The maximum number of consecutive 1s is 3.
Note:
The input array will only contain 0
and 1
.
The length of input array is a positive integer and will not exceed 10,000
Analysis
解法一:循环查找连续全1子序列,以全1子序列的首尾座标的差(程序中是以全0子序列的首-全1子序列的首得到的)中的最大值作为结果。

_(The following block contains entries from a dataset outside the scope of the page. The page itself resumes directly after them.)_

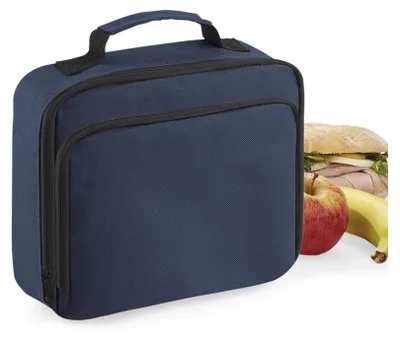 Produktbild von Quadra Lunch Kühltasche FK482 (Einheitsgröße) (Marineblau)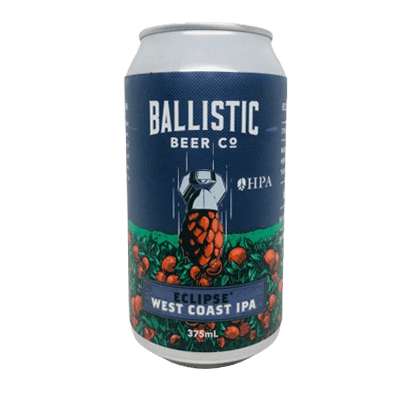 Ballistic SHIPA Eclipse West Coast IPA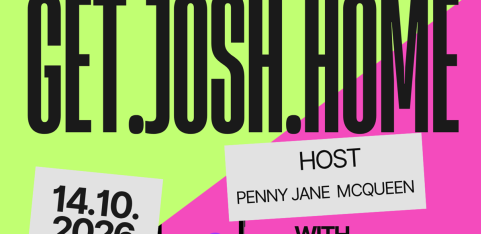 GET JOSH HOME - FUNDRAISER
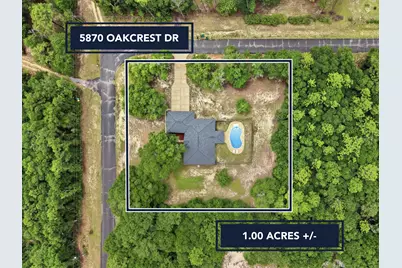 5870 Oakcrest Drive, Crestview, FL 32539 - Photo 40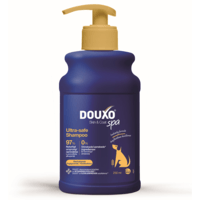 DOUXO Skin & Coat Spa Ultra-safe Hydrating Schampo 250 ml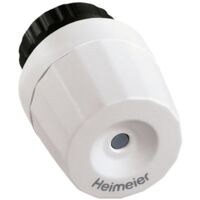 HEIMEIER EMOtec thermischer Stellantrieb Fußbodenheizung weiss 230 V stromlos geschlossen NC 1807-00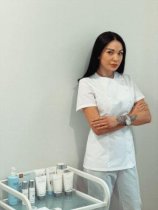 Каримова Кира Сергеевна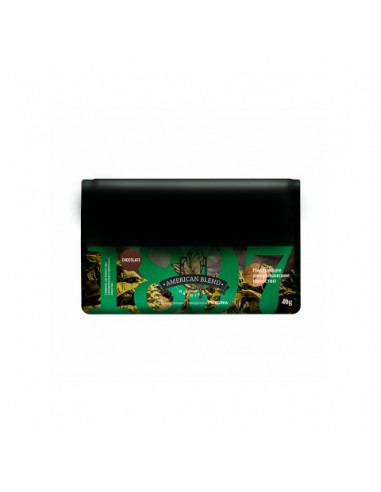 American Blend - Chocolate - купить в интернет-магазине Havana Smoke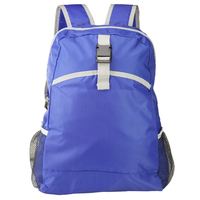 Lightweight Foldable Backpacks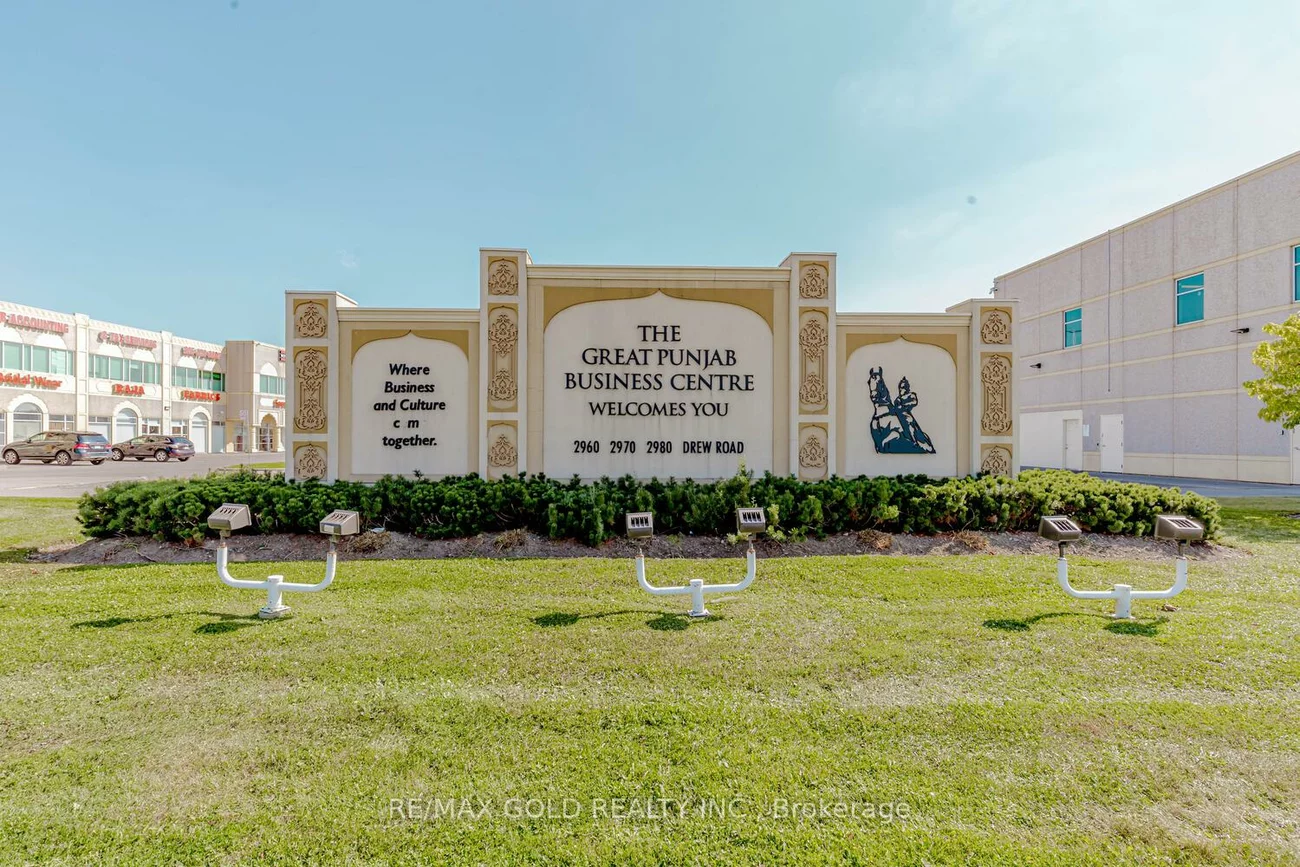 2980, Drew, Malton, Mississauga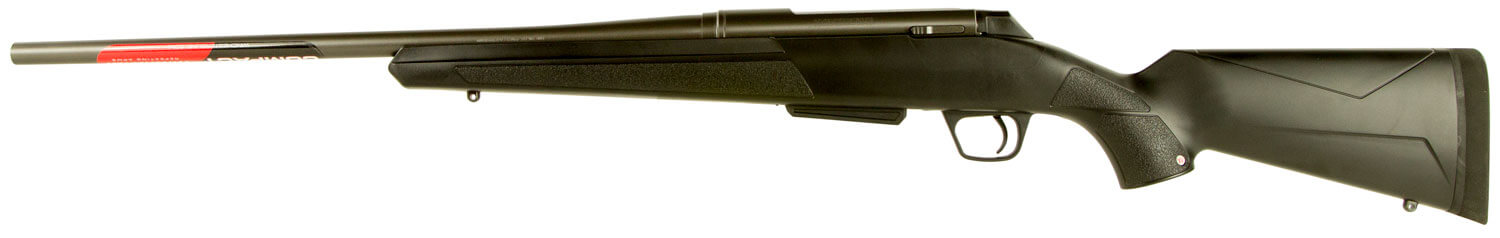 Winchester Repeating Arms 535720212 XPR Compact 243 Win 3+1 20″ Sporter Barrel Gray Perma-Cote Barrel/Receiver Nickel Teflon Coated Bolt Synthetic Stock w/Textured Grip Panels M.O.A. Trigger System Winchester Repeating Arms 535720212 XPR Compact 243 Win 3+1 20″ Sporter Barrel Gray Perma-Cote Barrel/Receiver Nickel Teflon Coated Bolt Synthetic Stock w/Textured Grip Panels M.O.A. Trigger System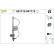 Window regulator mechanism 851712 Valeo, Thumbnail 2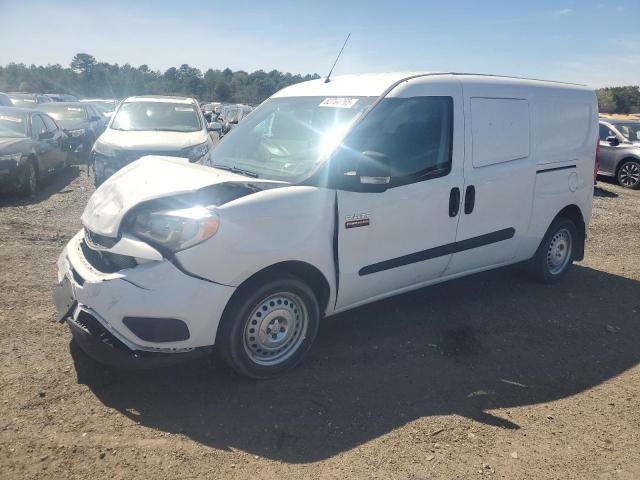  Salvage Ram Promaster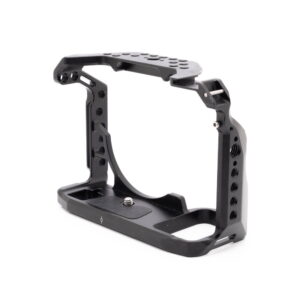 Smallrig A7S III Cage-3 SmallRig 2999 Cage for Sony A7sIII (sis.ALV24%) - Käytetty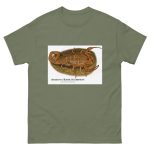 Arizona Bark Scorpion - Men's classic tee - Image 5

解法二:思路类似,全1子序列的元素的和就是长度,故直接不断循环求和比较即可。
解法三:思路同解法二,区别在于利用a * 1 = a
,a * 0 = 0
这样的特点,用乘法代替了if分支,循环体行数减少。
Code
Version 1
class Solution {
public:
int findMaxConsecutiveOnes(vector<int>& nums) {
int i = 0, result = 0, temp = 0;
while (i < nums.size()){
while (nums[i] == 0 && i < nums.size()) i++;
temp = i;
while (nums[i] == 1) i++;
result = max(result, i - temp);
}
return result;
}
};
Version 2
class Solution {
public:
int findMaxConsecutiveOnes(vector<int>& nums) {
int result = 0, temp = 0;
for (int i = 0; i < nums.size(); i++){
if (nums[i] == 1){
temp++;
result = max(result, temp);
}
else temp = 0;
}
return result;
}
};
Version 3
class Solution {
public:
int findMaxConsecutiveOnes(vector<int>& nums) {
int result = 0, temp = 0;
for (int i = 0; i < nums.size(); i++){
temp = (temp + nums[i]) * nums[i];
result = max(result, temp);
}
return result;
}
};
Appendix
- Link: https://leetcode.com/problems/max-consecutive-ones/
- Run Time:
- Version 1: 46ms
- Version 2: 35ms / 52ms / 36ms
- Version 2: 46ms
I ran Version 2 three times and got three different results…